# how much for a table at hamburg?



## ColleenT (Aug 21, 2014)

i sold there a few years ago, when i was breeding crested gex, but i cannot remember how much it costs for a table there. can anyone remind me? i have a few snakes i'm breeding this upcoming year and an Azureus tadpole that should be ready for a home by then. Colleen


----------



## radiata (Jul 24, 2010)

You might find cost info on their site: HAMBURG - Hamburg Reptile Show | Northwestern Berks Reptile Show.

Hamburg tables pretty hard to come by. I think they're sold out, that current holders get the first option to purchase one for the following show at the end of any given show, and that you'll need to wait in line to see if any tables are left over because some table holder dropped out.

You can probably get a table at White Plains or The Oaks more easily.


----------



## ColleenT (Aug 21, 2014)

thanks. the website does not say and Hamburg is the closest to me, i hate to have to go all the way to White Plains.
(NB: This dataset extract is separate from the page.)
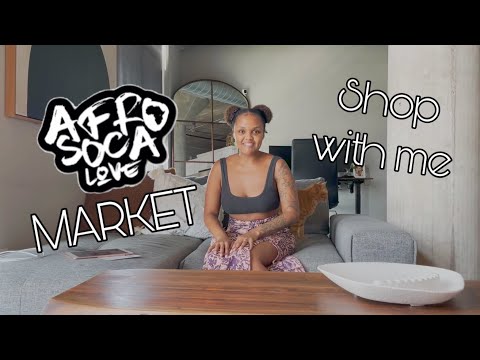 Play Video Youtube Video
I am not even sure where Oaks is.


----------



## radiata (Jul 24, 2010)

The Oaks show is outside Philly: East Coast Reptile Super Expos

I haven't been to one, but I hear they're smaller than Hamburg. I guess the real size test would be to count up the number of vendors at each venue.


----------



## Judy S (Aug 29, 2010)

Colleen...some of the vendors, from my understanding...is that sharing of tables is not uncommon...why not go back to older posts of who is going and contact them to see about sharing...Good Luck


----------



## ColleenT (Aug 21, 2014)

i just want to know the cost of a table at hamburg.


----------



## carola1155 (Sep 10, 2007)

They have a "contact us" form on their website. I would think that would be your best bet.

HAMBURG - Contact Us


----------



## ColleenT (Aug 21, 2014)

found out it is $75 in case anyone was curious.


----------



## Michael Shrom (May 20, 2004)

The waiting list is pretty long for Hamburg tables.
Their isn't a waiting list to get tables at Oaks.


----------